Agathe Royale de Jean- Jean-Benoît Patricot - Mise en scène de Christophe Lidon © Cyrille Valroff

L’auteur Jean-Benoît Patricot et le metteur en scène Christophe Lidon aiment le théâtre et les actrices. Avec Agathe Royale, ils rendent hommage aux grandes comédiennes qui font vibrer les planches et nos cœurs, et offrent à Catherine Jacob un rôle à la mesure de son talent. Un bijou !

© Cyrille Valroff

Nous avions découvert avec émerveillement Agathe Royale au Cado, le Centre national de création d’Orléans que Christophe Lidon dirige depuis huit ans. Ce spectacle clôturait la saison 22-23. Avec pour sujet le théâtre et, pour reprendre le titre de la biographie de Jean-Pierre Miquel, Ces animaux étranges que sont les actrices et acteurs, cette pièce trouvera toute sa place au Festival Off d’Avignon, dans cet instant magique où tous les amoureux de l’art dramatique convergent vers la cité des Papes transformée en cité du théâtre.

Une diva haut en couleur
Agathe Royal © Cyrille Valroff
© Cyrille Valroff

Qui est Agathe Royale ? Une prima donna, une « légende vivante, de toutes les grandes scènes des théâtres parisiens et du subventionné… » Ce soir, elle sera Médée. Pas celle des classiques, mais celle d’un auteur-metteur en scène contemporain ! Comme il faut faire du moderne, le spectacle démarre par une vidéo, tournée en direct, où l’on voit la vedette se préparer dans la loge. L’idée étant que cette caméra ne la lâche jamais durante toute la pièce. Un procédé très prisé qui fera dire à la comédienne, dans un accès d’agacement, « on n’est pas à la télé ! ».
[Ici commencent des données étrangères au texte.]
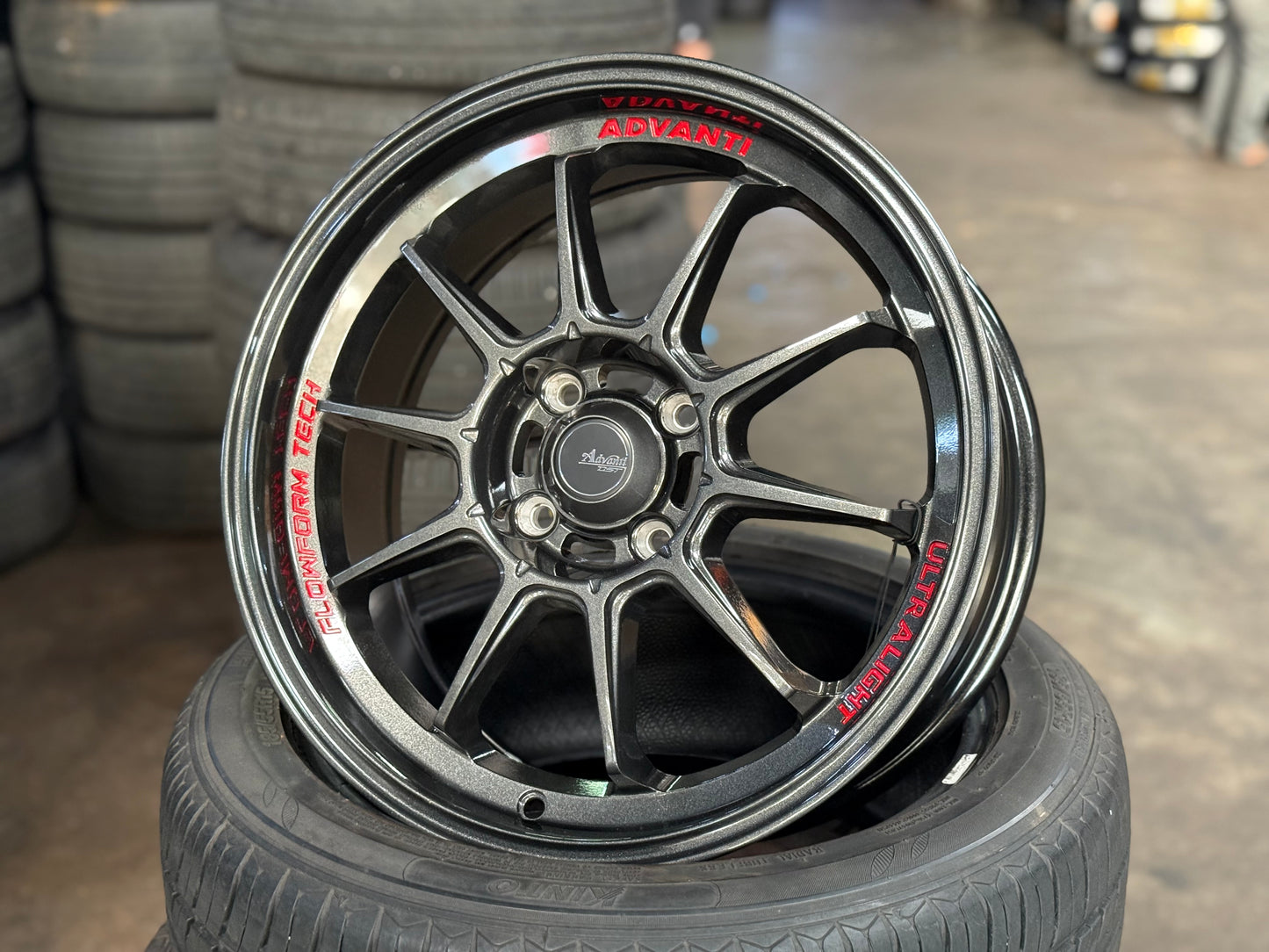 New 16X7 ET40 Advanti Tallo Rim (4 wheel) Gunmetal 4X100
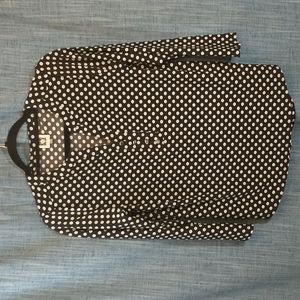 Anne Klein black long sleeve polka dot blouse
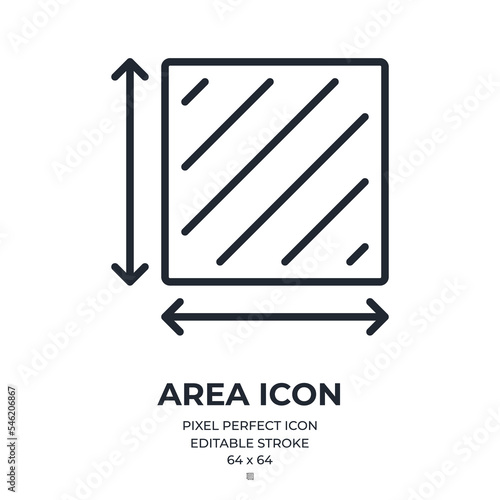 Area and dimension concept editable stroke outline icon isolated on white background flat vector illustration. Pixel perfect. 64 x 64.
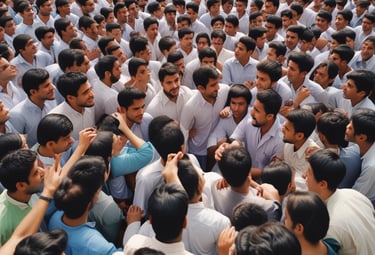 A group of people are marching in a city street, holding signs with slogans like 'Freedom Movement.' The crowd consists of men and women of various ages, some dressed casually, with one individual speaking through a megaphone. The scene is set against a backdrop of historic buildings.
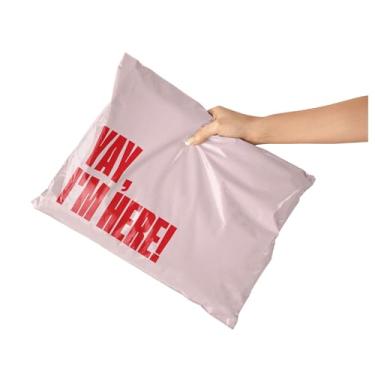 Imagem de Envelopes de poliéster 12x15 – Pacote com 100 – Envelopes de envio recicláveis impressos fofos para embalagens de pequenas empresas, sacos de correio autovedantes – Yay I'm Here design rosa/vermelho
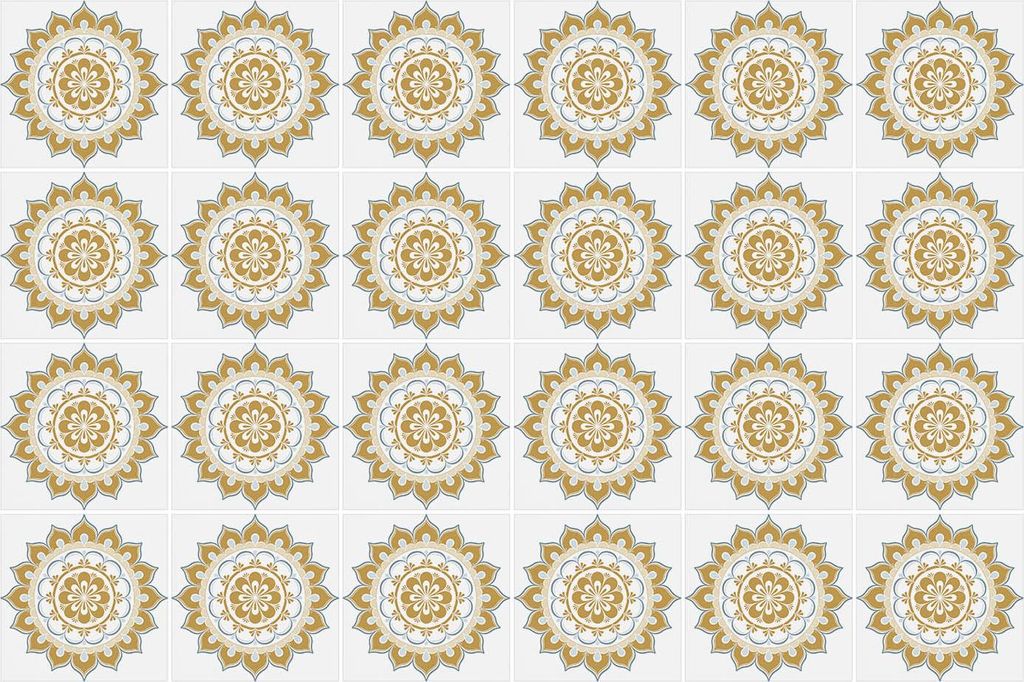 Fliesenaufkleber 15x15 cm – 24 Stück – Selbstklebend – Wasserfest – Pflegeleicht – Hitzebeständig – Für Küche & Bad – Blumenmandalas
La vedette entre enfin sur scène, perruque blanche toute frisée, dans un costume de reine magnifique… suivie de près par celui qui joue son fils Médos, vêtu d’un exomide, une tunique courte avec une épaule dégagée. Ils enchaînent les répliques d’un texte qui semble tout de suite « bien bavard ». Une petite série d’accidents, comme il en arrive tant au théâtre (retardataire bruyant, toux intempestives, papiers de bonbons et, le pire de tout, sonnerie de téléphone), va perturber la concentration de la comédienne, jusqu’à lui en faire perdre le fil de son texte. La coupe est pleine, c’est terminé : elle ne jouera pas !

La grande Catherine

Au lieu d’entendre la pièce, les spectateurs auront le droit à une sorte de confession intime dans laquelle la prima donna va dévoiler les faces cachées de son monde intérieur. Devant la panique de son compagnon de jeu, elle se fait rassurante à sa manière : « T’occupe pas des spectateurs, ils ne sont là ni pour toi, ni pour cette nouvelle version de Médée. Ils sont là pour moi ! » Jean-Benoît Patricot, auteur entre autres de Pompier(s), de Darius et de L’Aquoiboniste, nous sert alors une belle œuvre sur le métier d’actrice et d’acteur. L’une est au fait de sa gloire, l’autre à ses balbutiements. En imaginant ce personnage que Cocteau qualifierait sans soucis de « monstre sacré », et Dubillard de « sacré monstre », il trace le portrait d’une artiste grandiose qui cache des fêlures de femmes bouleversantes. On n’arrive pas à ce niveau sans concessions avec la vie !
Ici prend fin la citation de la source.